%%

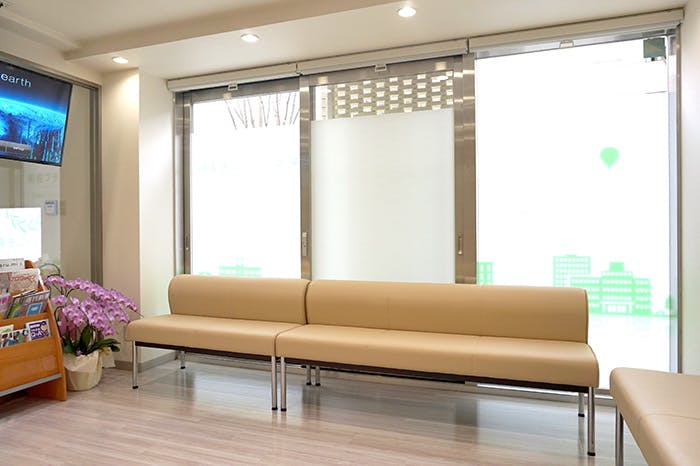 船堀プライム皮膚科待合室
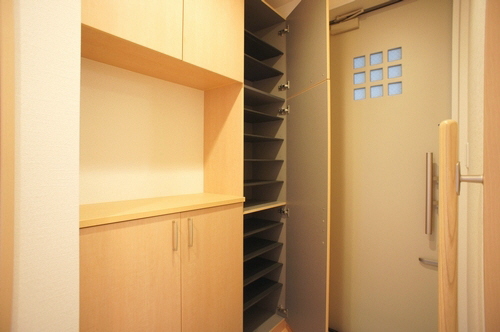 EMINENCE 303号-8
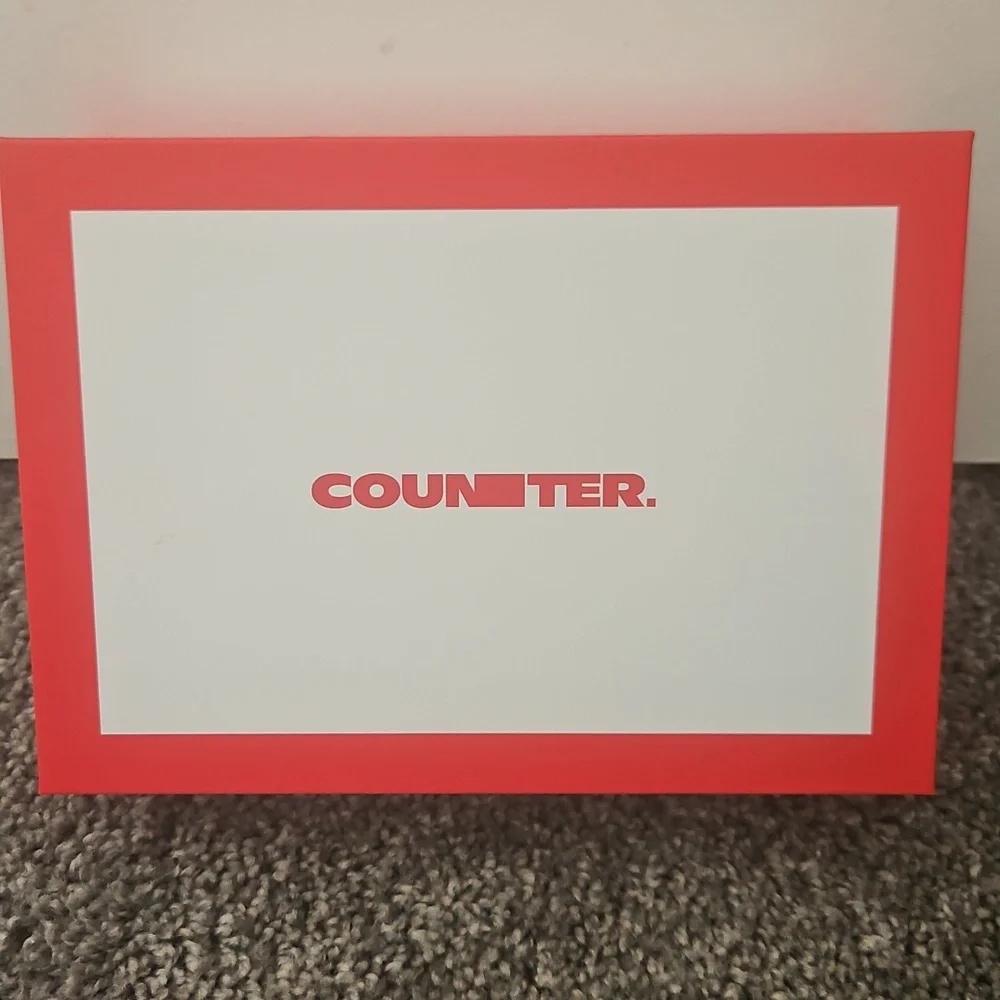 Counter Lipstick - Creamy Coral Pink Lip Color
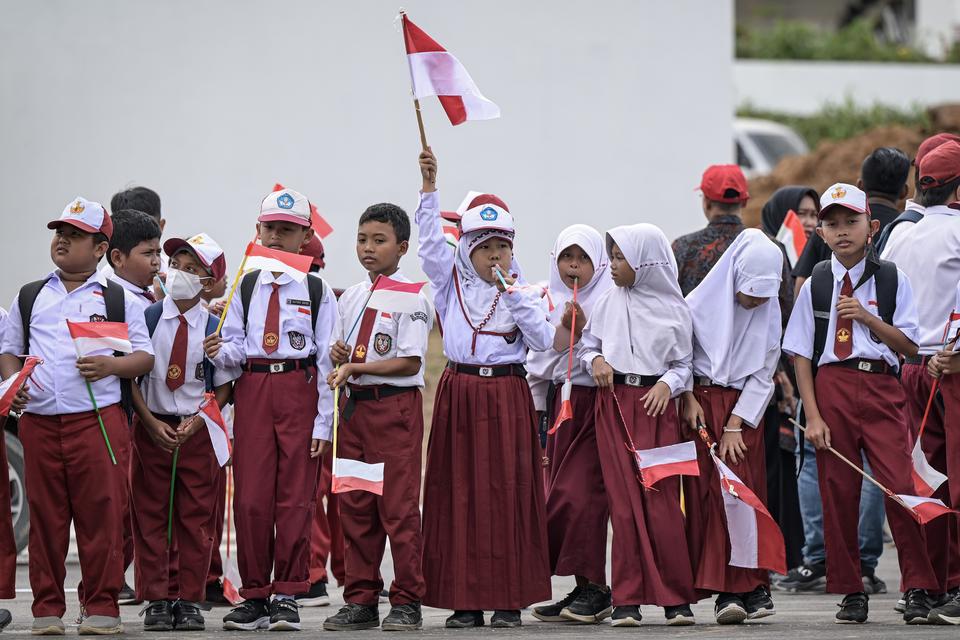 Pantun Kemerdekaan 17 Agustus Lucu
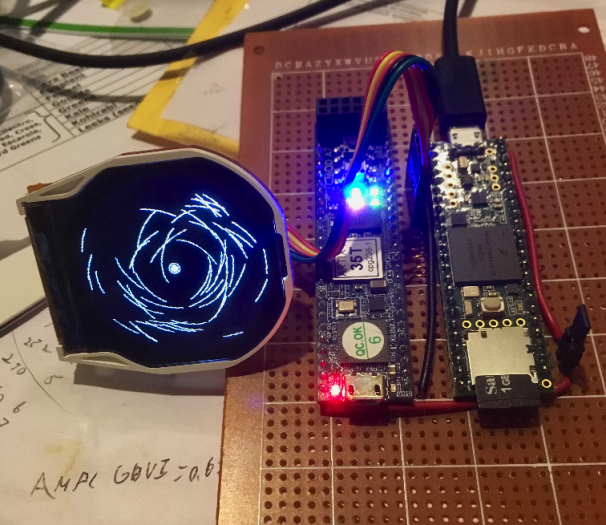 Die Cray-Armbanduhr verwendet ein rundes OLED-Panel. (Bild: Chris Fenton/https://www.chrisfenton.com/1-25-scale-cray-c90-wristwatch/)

%%

- Problem to solve:
Pictures stay out of this copy; write out the entries above exactly.

- Answer space:
 船堀プライム皮膚科待合室
 EMINENCE 303号-8
 Counter Lipstick - Creamy Coral Pink Lip Color
 Pantun Kemerdekaan 17 Agustus Lucu
 Die Cray-Armbanduhr verwendet ein rundes OLED-Panel. (Bild: Chris Fenton/https://www.chrisfenton.com/1-25-scale-cray-c90-wristwatch/)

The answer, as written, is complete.